Sunday, January 07, 2007

Cover FX...The New Foundation?

Queens are in a tizzy. Our panstick has been taken away. For whatever reason, Max Factor is no longer selling any of their products in Canada, and all of us are wondering what we should do now.

Word "on the street" (wig-tip to Morgan & Ezzie) is that queens are switching to Ben Nye's foundation, which is engineered for TV and studio work. Myself, I decided to trailblaze...mostly because I don't know where to buy Ben Nye foundation here in the burbs of Kitchener/Waterloo. Frankly I'm sick of hunting around for foundation, I'd rather pay more in exchange for convenience.

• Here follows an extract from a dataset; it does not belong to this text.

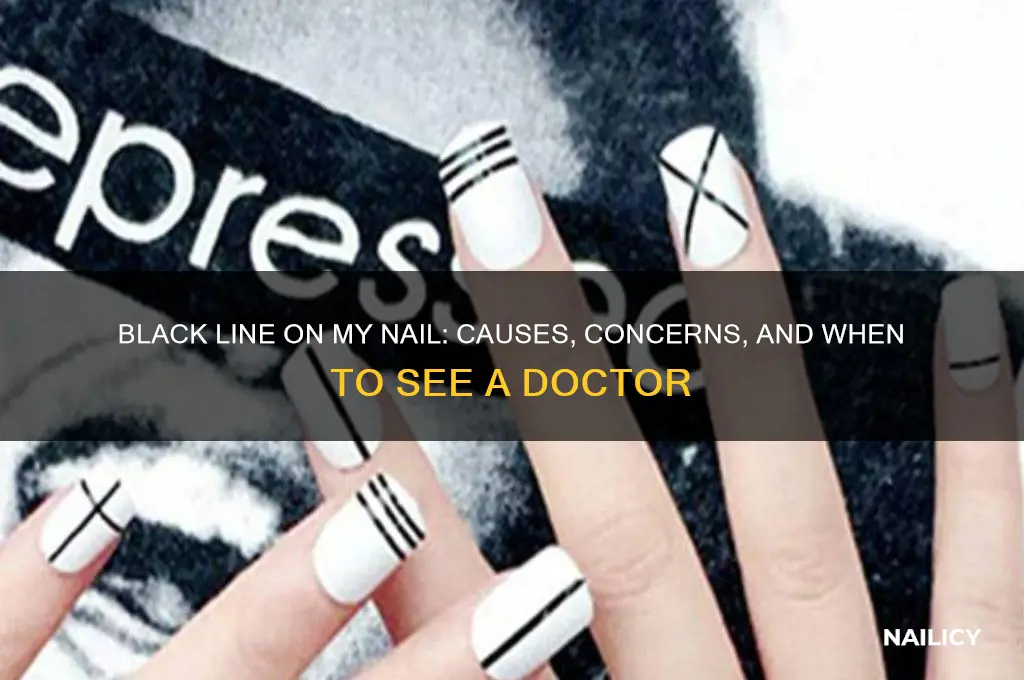 have a black line on my nail
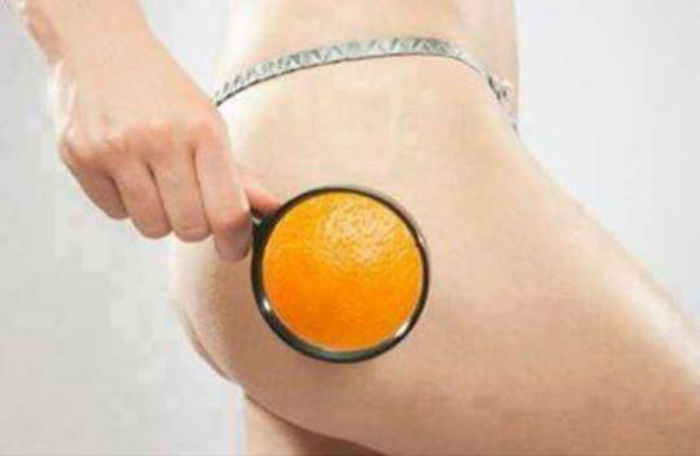 cellulite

So I started talking to Cosmeticians. "What's the hot new product?" I asked. They've all said "Cover FX," a Canadian company that specializes in foundation made for women who've accidentally fallen into threshing machines. It's heavy-duty stuff. It covers everything. It's freaking expensive.

So I wandered over to the "big" local drug store and waited to be served. The woman ahead of me was desperate to look y0ung, and the cosmetician was selling her on Neostrata. She was saying all sorts of bullcrap about how natural it was, etc., and I stood there thinking "only a moron would buy into this spiel."

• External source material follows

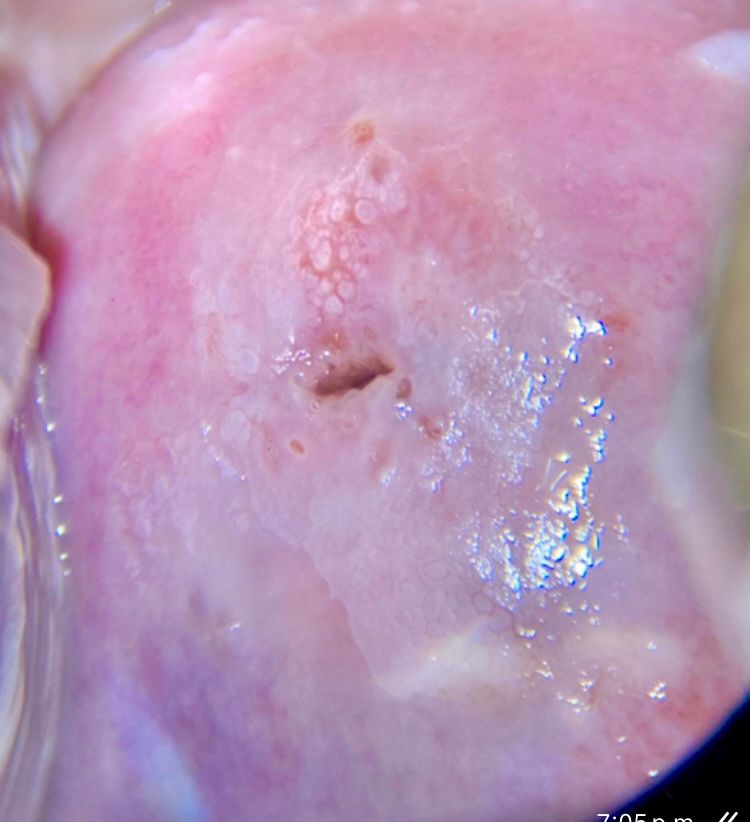 Marcos Javier Cano Luna-1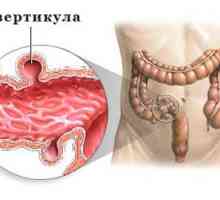 Příznaky a léčba divertikulózy na sigmatu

Half an hour -- and one spiel -- later, I found myself paying $171 for the Cover FX foundation, the setting powder, the prep lotion (isn't it a DEFECT if a foundation REQUIRES a prep lotion?), and a $40 brush that I thought was worth about $5, but apparently it's made out of goats. And goats are cool. So there you go.

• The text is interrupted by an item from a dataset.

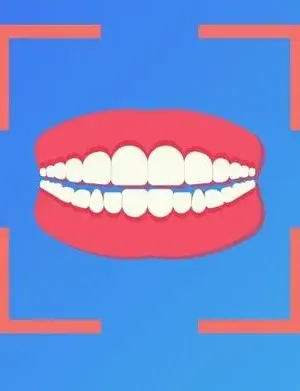 Scan My Teeth screenshot 5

Tonight was my first "trial run" with the Cover FX. I can definitely say that the stuff is amazing under normal lighting. It takes a bit to get the hang of it -- and your face has to be SPOTLESS before you start applying it -- but once it's on it STAYS ON. Still, don't believe them when they say you don't need to powder afterwards...right now (hours later) I'm a bit shiny around the nose.

What works for me:
  1. Wash your face, wash it, then wash it again.
  2. Apply the prep lotion. You don't need much.
  3. Swipe your $40 goat hair brush twice over the cream foundation
  4. Apply to your face. Keep doing this until your face is covered.
  5. Take a foundation sponge and mush it in ONLY where you see problems. This is for those parts of your face that you really want to cover.
  6. Apply the setting powder. Again, not much is necessary.
  7. If you can still see stuff you don't want to see, don't be afraid to put on more foundation and more powder. It blends right in.
  8. Contour and colour so you look like a human being again.
But the thing is that it looks quite NATURAL. People in the past (Vanilla!) have often said that panstick looks quite unnatural, but my point of view has always been: hell, what I'm doing isn't exactly natural to begin with. And once you've found a formula that sort of works (and is pretty cheap) you want to stick with it. Experimenting is so stressful, time-consuming, and expensive.

There are problems. It doesn't REALLY conceal the under-eye discoleration that I get from poor diet, lack of sleep, and general worry-wartiness. And it's also very light...I mean, it IS my natural skin colour -- so the cosmetician did a wonderful job matching it -- but my natural skin colour is Casper the Ghost.

It's also untried under harsh lighting. Most makeups simply disappear under a spotlight or natural sunlight. But everybody tonight told me that I looked wonderful (would they say otherwise?) and the close-up pictures actually look BETTER than usual, so maybe I'm on to a good thing...

3 comments:

Morgan said...

You might want tp try using clown white under the eyes before using the foundation to minimize discolouration. As an alternative becuase you are so pale and "real girl" makeup seems to work, there are a number of corrective colours you can buy at the drugstore in creme form. In regards to washing out under stage light, you might have to up your contour. You might want to get another shade of the foundation and contour at that point too (although I jumped a bit at your total price - goats or no goats)

VanillaJ said...

"Make-up mask" is what the trashy white girls have who could only affor the oil based Cover Girl foundation, which would match the true colour of your neck and shoulders - if your natural skin undertone was orange. Make-up mask, for me, is perpetually associated with bad hair, jewelery bought at those island kioks in malls, elastisized jeans, and too tight fitting synthetic tops with mustard stains on them. With running shoes.
PS. You should use a yellow toned concealer stick for the under eye area, which combates the blue tones of tired eyes.

Muffy St. Bernard said...

Aha, fortunately I DO have my old Mac under-eye concealer, which is definitely yellow toned. I didn't try it tonight because I wanted to see if I needed it or not.

I'm also thinking of using a slightly darker (and cheaper) loose powder, with or without the setting powder, to try and get some colour back. Time to experiment!

I've always sort of sucked at subtle contouring, I wish there were a book on it...a book like "The Eyebrow!"

Sadly I don't have much of a choice when it comes to "Make Up Mask." I really DO need the mask, but at the very least I can get a mask that looks more natural and polished, which the Cover FX seems to accomplish.

Thank goodness I don't own any mustard!